**Directions**
Reproduce exactly only the lines from the line that holds "Vintage Avon Mini" to the line that holds "CTA Vintage Pewter", inclusive, in the listing below, and please leave out every picture.

**Data extract**
□ □ □ □ □
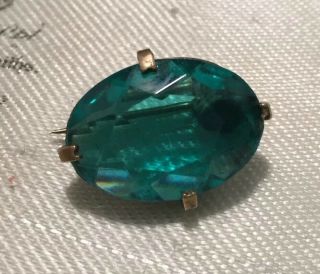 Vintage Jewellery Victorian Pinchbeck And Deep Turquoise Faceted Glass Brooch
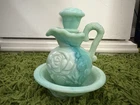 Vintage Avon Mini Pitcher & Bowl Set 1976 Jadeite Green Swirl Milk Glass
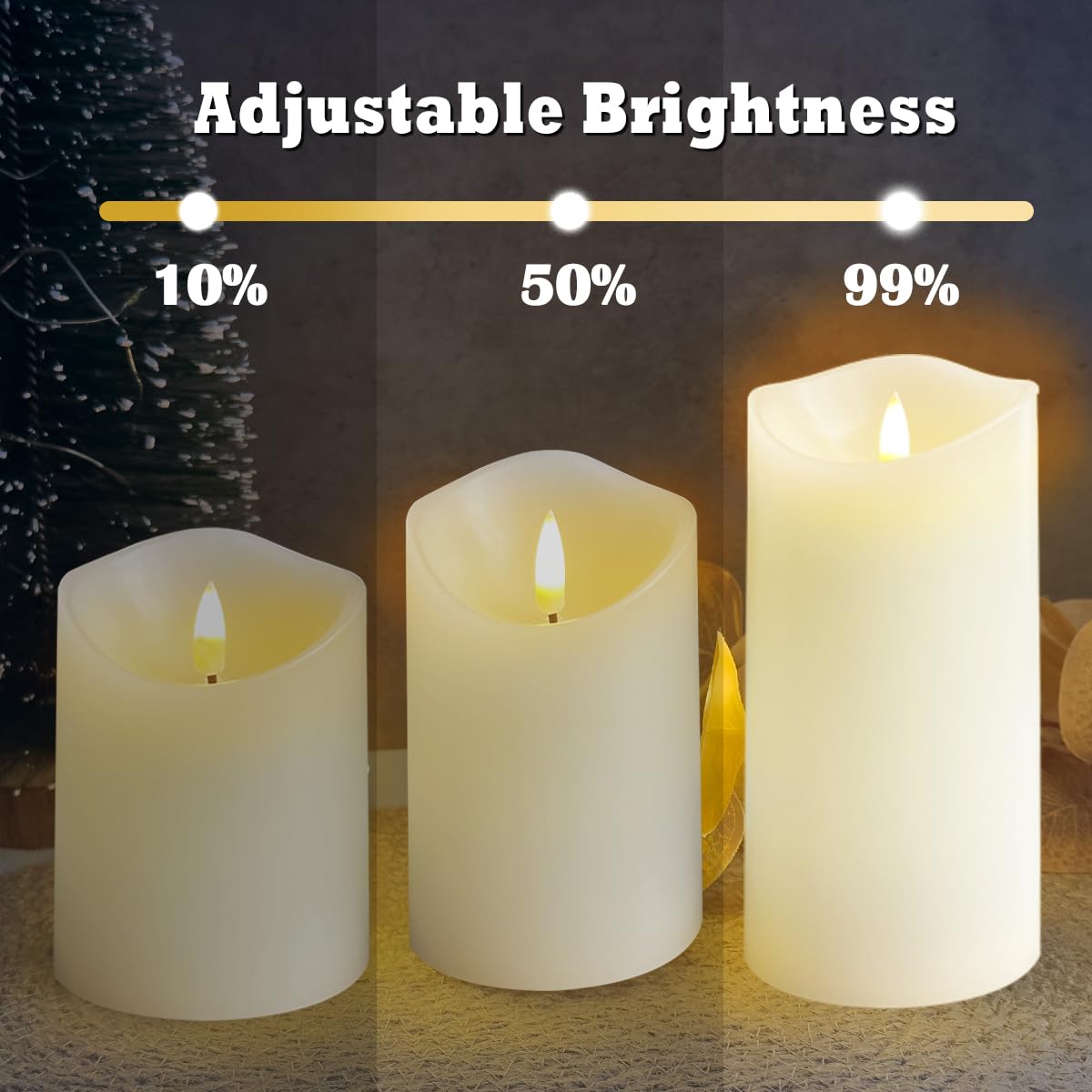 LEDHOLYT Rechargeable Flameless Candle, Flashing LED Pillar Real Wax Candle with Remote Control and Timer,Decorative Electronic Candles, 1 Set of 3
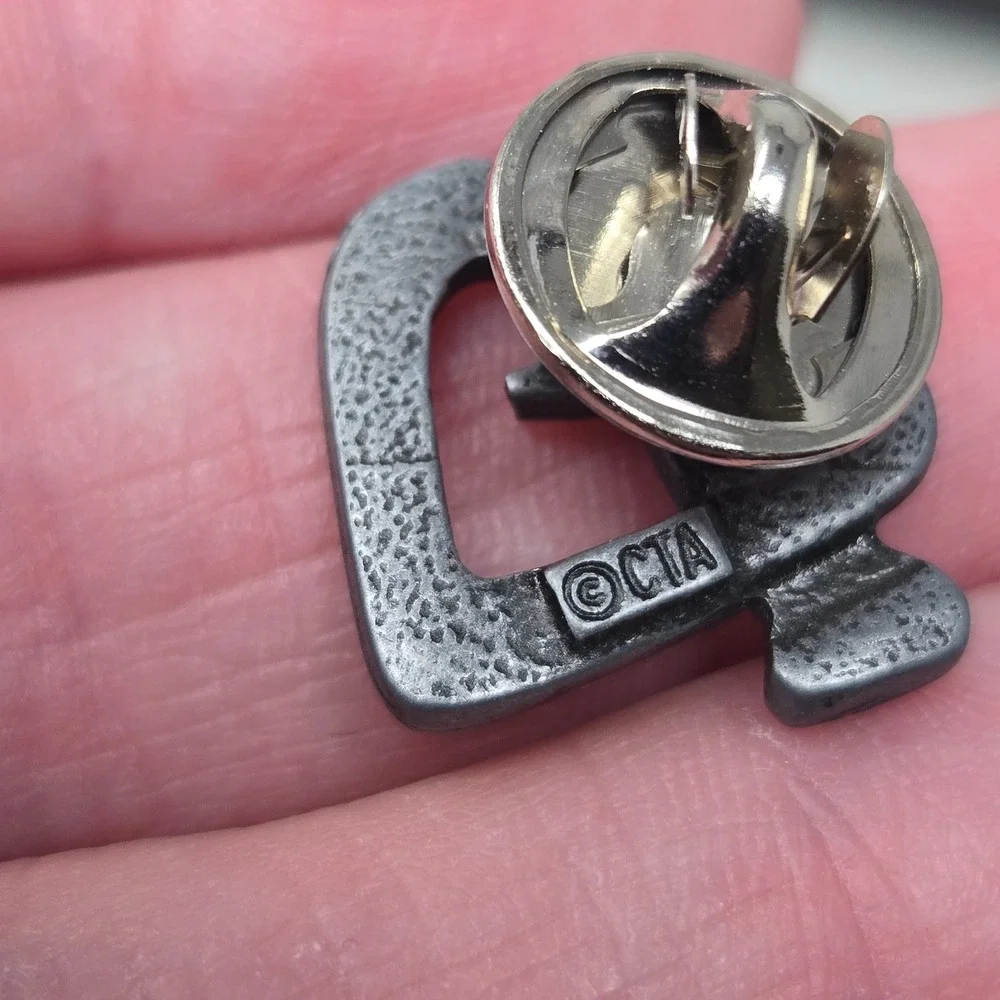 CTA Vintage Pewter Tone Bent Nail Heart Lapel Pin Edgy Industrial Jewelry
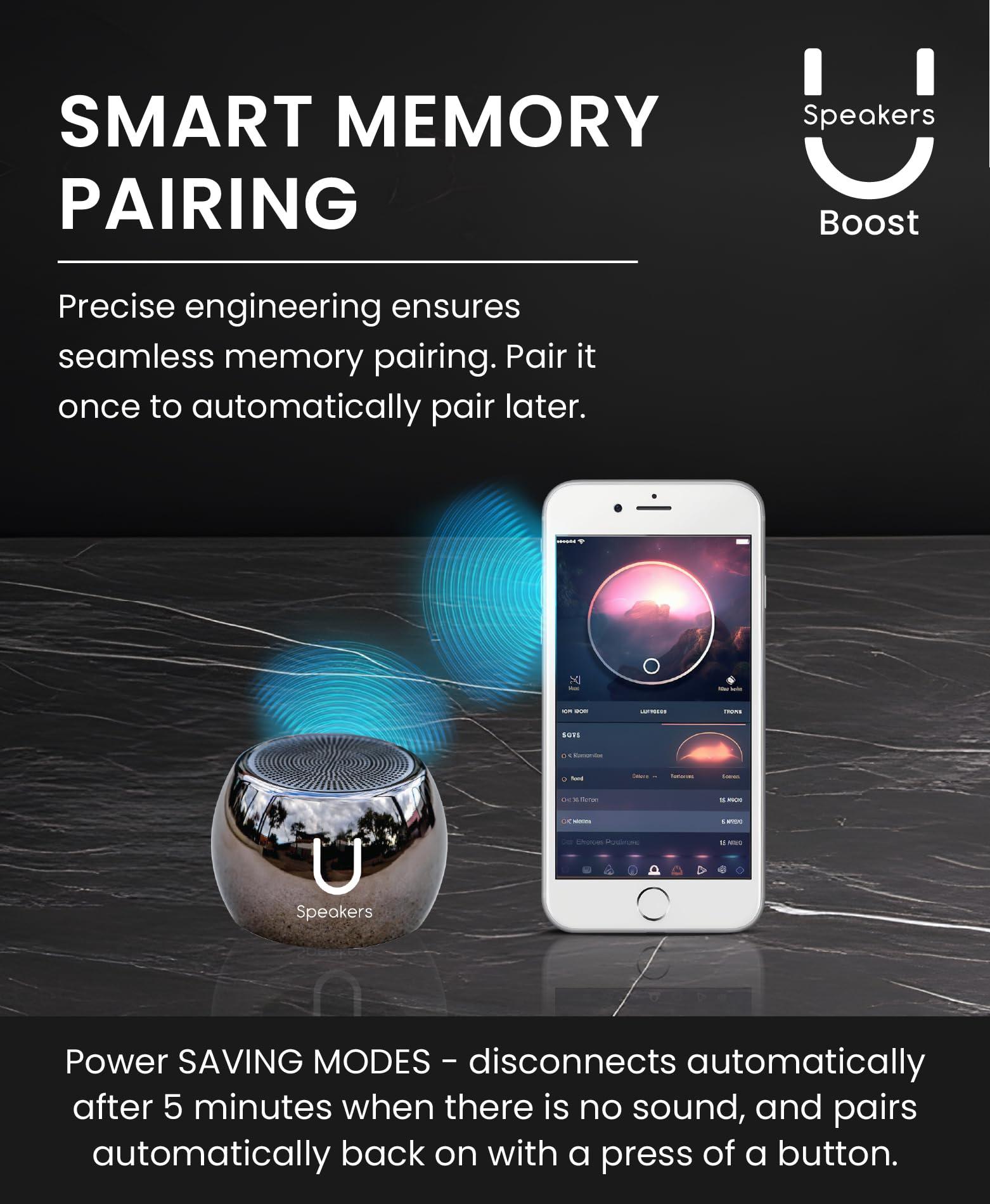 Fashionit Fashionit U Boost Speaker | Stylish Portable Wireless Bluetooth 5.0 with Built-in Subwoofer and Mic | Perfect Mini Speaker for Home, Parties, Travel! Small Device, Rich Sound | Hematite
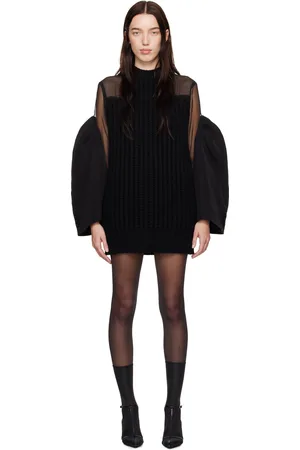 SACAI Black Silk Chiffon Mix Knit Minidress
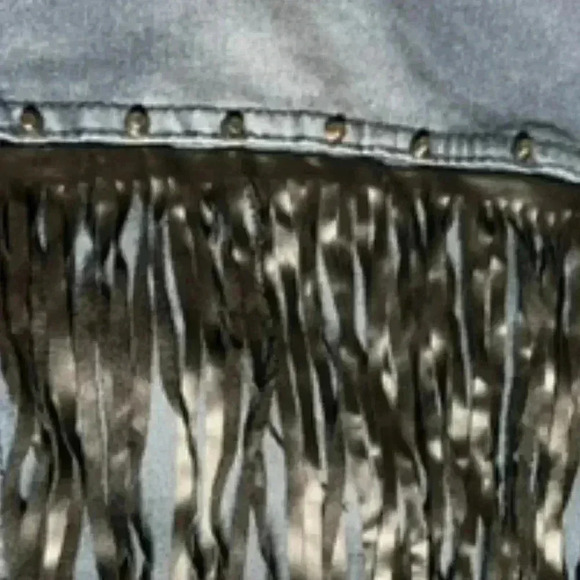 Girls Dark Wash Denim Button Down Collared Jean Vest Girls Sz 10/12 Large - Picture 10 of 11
□ □ □ □ □
**Response box**
 Vintage Avon Mini Pitcher & Bowl Set 1976 Jadeite Green Swirl Milk Glass
 LEDHOLYT Rechargeable Flameless Candle, Flashing LED Pillar Real Wax Candle with Remote Control and Timer,Decorative Electronic Candles, 1 Set of 3
 CTA Vintage Pewter Tone Bent Nail Heart Lapel Pin Edgy Industrial Jewelry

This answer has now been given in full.